### What is expected
Please output the lines from the one with "Shapron Studded Veste" through the end of the data exactly as written, omitting all pictures.

====== Given information ======

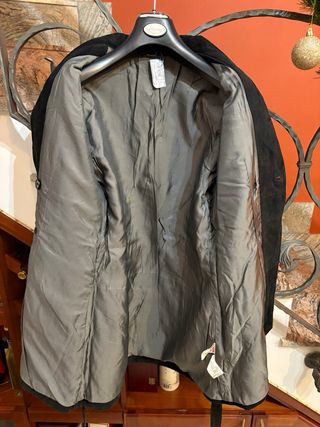 Trench pelle scamosciato vintage doppio petto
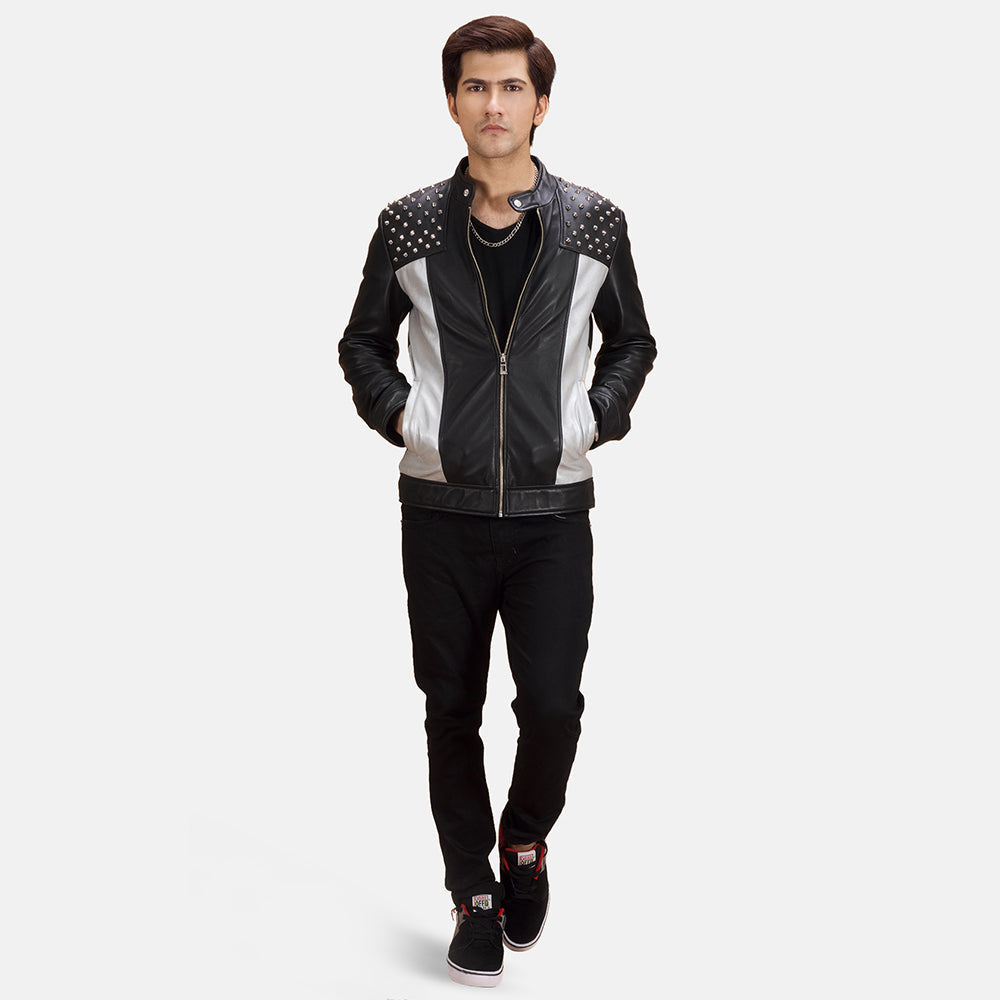 Shapron Studded Veste Motard en Cuir pour Homme - Vue de profil avec coupe de manche ergonomique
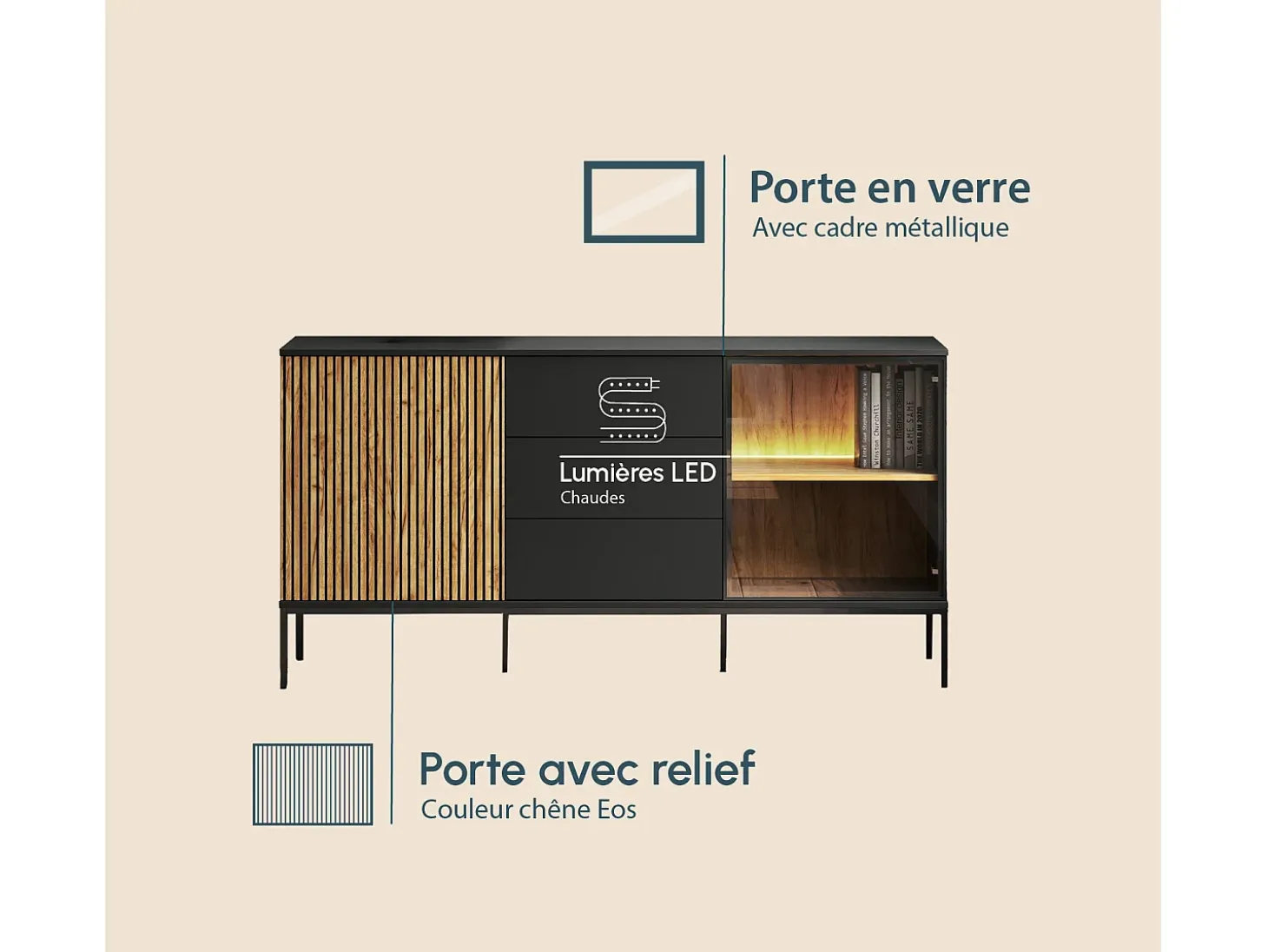 Aparador para Salón comedor en Color Negro y Roble Eos con LED 153,4x39x83cm Lux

======

### Your solution
 Shapron Studded Veste Motard en Cuir pour Homme - Vue de profil avec coupe de manche ergonomique
 Aparador para Salón comedor en Color Negro y Roble Eos con LED 153,4x39x83cm Lux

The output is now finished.